Le dortoir se vide peu à peu et il ne reste à présent que quelques pensionnaires retardataires. Je me demande quels seront nos liens maintenant que nous ne vivrons plus sous le même toit, si même nous continuerons de nous côtoyer. Avec 899, je n'en ai aucun doute, malgré son état d'esprit actuel, mais concernant mes autres camarades je suis dans l'incertitude la plus totale.
Mon amie est maintenant habillée et à peine coiffée. Tout comme ces derniers jours, elle ne s'est pas maquillée et je crois que je suis moins inquiète pour elle. Je la sens distante, mais je n'hésite pas et lui prends la main pour traverser une dernière fois les couloirs et sortir à son côté.
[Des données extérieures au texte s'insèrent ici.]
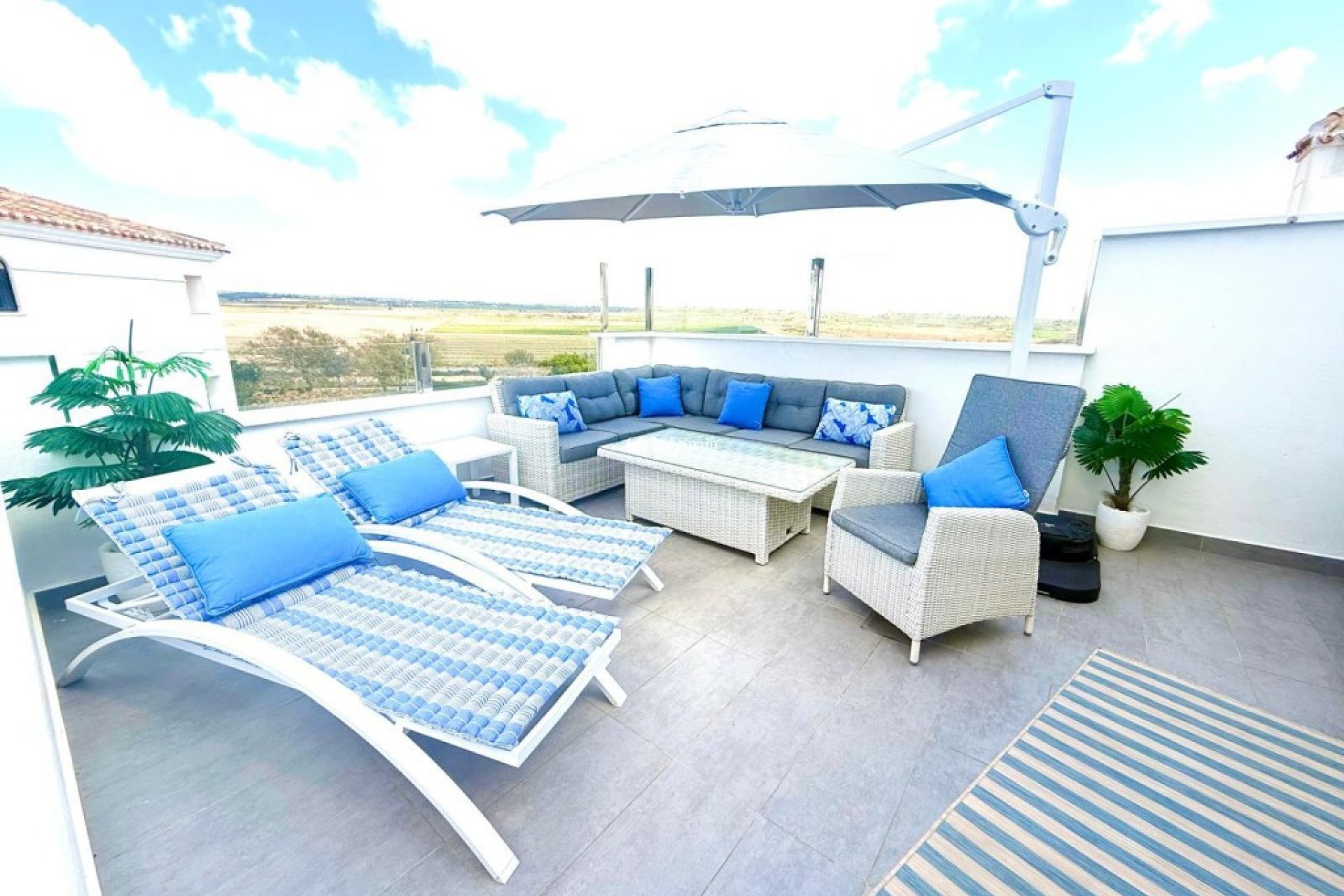 Revente - PENTHOUSE -
SUCINA - Inland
Elle n'émet pas d'objection, mais au contraire resserre sa poigne avec plus d'intensité que la mienne. Toutes deux, nous quittons les lieux sans nous adresser un mot et je tente de retenir mes larmes du mieux que je peux. Sans succès. J'essaye de garder le silence et de contenir mes sanglots, mais quelques plaintes étouffées m'échappent. Nous montons dans le bus et jetons un dernier regard à l'orphelinat. Je tente de mémoriser le bâtiment en espérant garder chacun de ses détails en mémoire : sa façade imposante faite d'énormes pavés de pierre grise, sa porte d'entrée en bois, sans oublier ses immenses salles de réception, ses interminables couloirs et pour finir mon lit, seul élément infime qui m'appartenait vraiment dans cet espace infini.
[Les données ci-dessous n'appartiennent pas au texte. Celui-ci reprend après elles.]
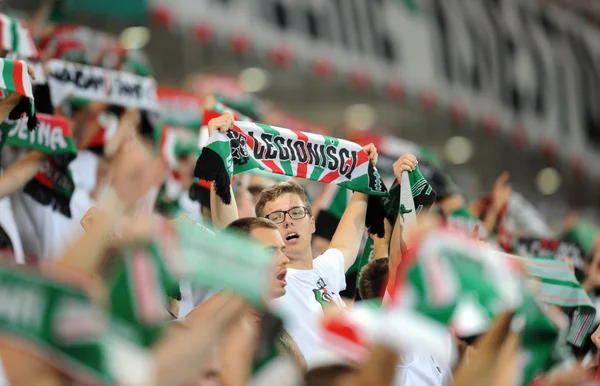 Destekçileri ve fanlar futbol maçı sırasında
Le moteur gronde et le véhicule s'avance lentement vers le portail, faisant grincer les graviers à chacune de ses manœuvres. Je me demande dans combien de temps nous serons arrivées, et si les premières filles ayant embarqué ont déjà atteint la ville. Soudain, c'est l'excitation qui s'empare de moi. Je sais d'avance que je vais passer par différents états dans la journée : l'anxiété, l'excitation, la nostalgie, mais pour le moment c'est la curiosité qui m'envahit et je meurs d'envie de savoir à quoi notre nouvelle vie va ressembler. Malgré la boule qui s'est installée au creux de mon ventre depuis plusieurs jours, je ne peux attendre plus longtemps.

Cela fait déjà plus de six heures que nous roulons et jusqu'à présent nous ne voyons rien d'autre que des chemins et des plaines désertes à perte de vue. Le trajet est de plus en plus insupportable et les sièges, bien que confortables, n'amortissent en rien les irrégularités de la route. Le soleil s'efface peu à peu pour laisser place à la nuit et au loin je remarque enfin des milliers de lumières.
Mon cœur fait un bond. Ça y est, on arrive !
Plus que quelques kilomètres nous séparent de la ville, j'en suis sûre. Tout autour de nous, le paysage est vide, plongé dans le noir total. Au loin, les centaines de lumières se font plus vives à mesure que nous avançons. Ça ne peut être que là et malgré les nombreuses directions que l'on devine au travers des phares de notre véhicule, notre trajectoire n'a pas changé. Nous roulons toujours vers ce halo lumineux. Nous suivons le chemin principal et quelques maisons abandonnées annoncent l'entrée de la ville. Plus nous nous rapprochons et plus les habitations sont nombreuses. Après quelques minutes, nous arrivons dans ce qui semble être le centre-ville. Le bus s'arrête, le chauffeur nous fait signe de sortir, et à peine avons-nous déposé un pied à terre qu'il redémarre, prenant le chemin du retour. Je n'ose pas regarder autour de moi. Je pose mes yeux sur 899 tout juste réveillée.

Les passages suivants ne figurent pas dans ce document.